Required action =>
When you return the data, keep every word exact and include none of the images.

Data provided =>
_ _ _

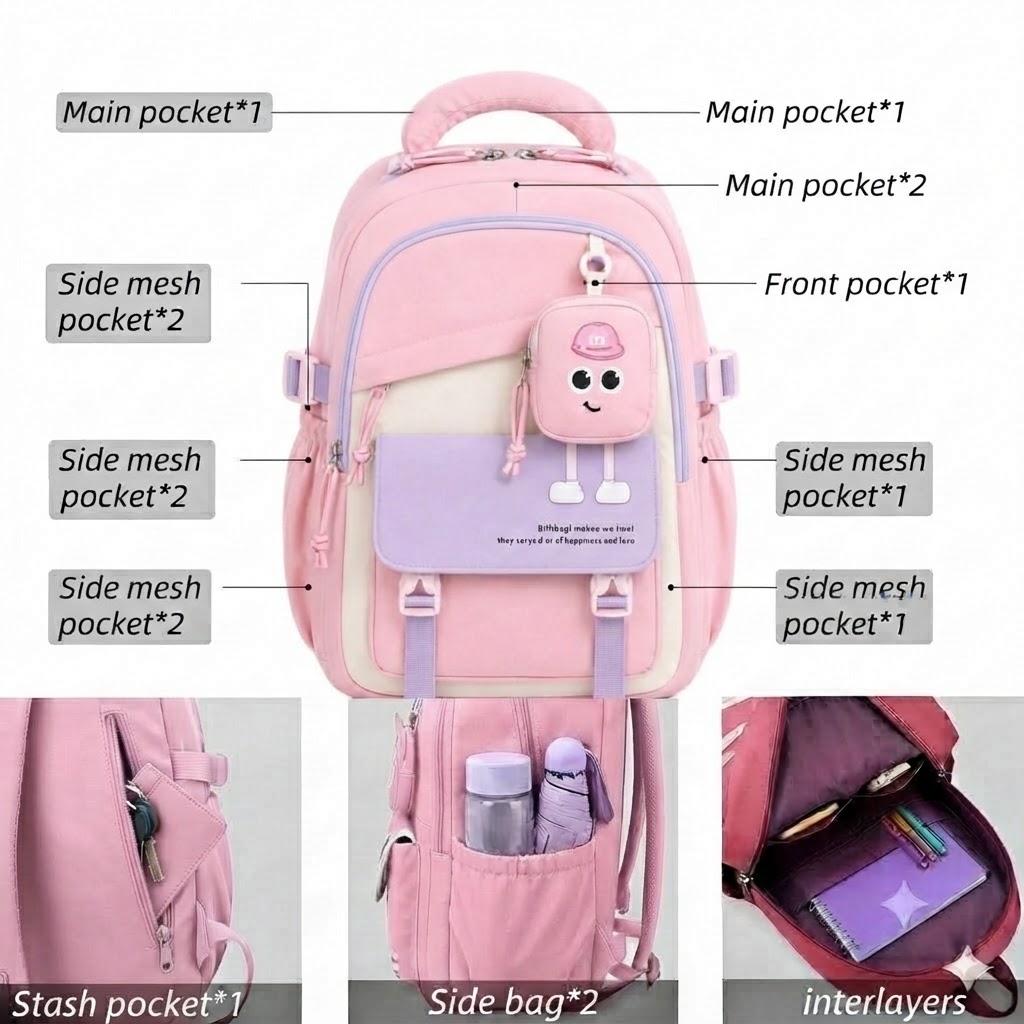 WALSON 30L Korean Laptop Backpack for Men Women Fits 17-Inch Laptop Lightweight Water-Resistant Backpack for School College Office Travel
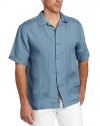 Cubavera Men's Short Sleeve Linen Blend L-Shaped Embroidered Woven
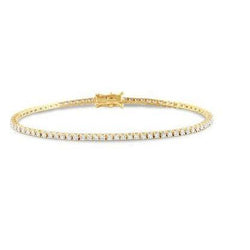 Yellow Gold 14K 2.40 Carats Small Round Diamond Lady Tennis Bracelet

_ _ _

Reply =>
 WALSON 30L Korean Laptop Backpack for Men Women Fits 17-Inch Laptop Lightweight Water-Resistant Backpack for School College Office Travel
 Cubavera Men's Short Sleeve Linen Blend L-Shaped Embroidered Woven
 Yellow Gold 14K 2.40 Carats Small Round Diamond Lady Tennis Bracelet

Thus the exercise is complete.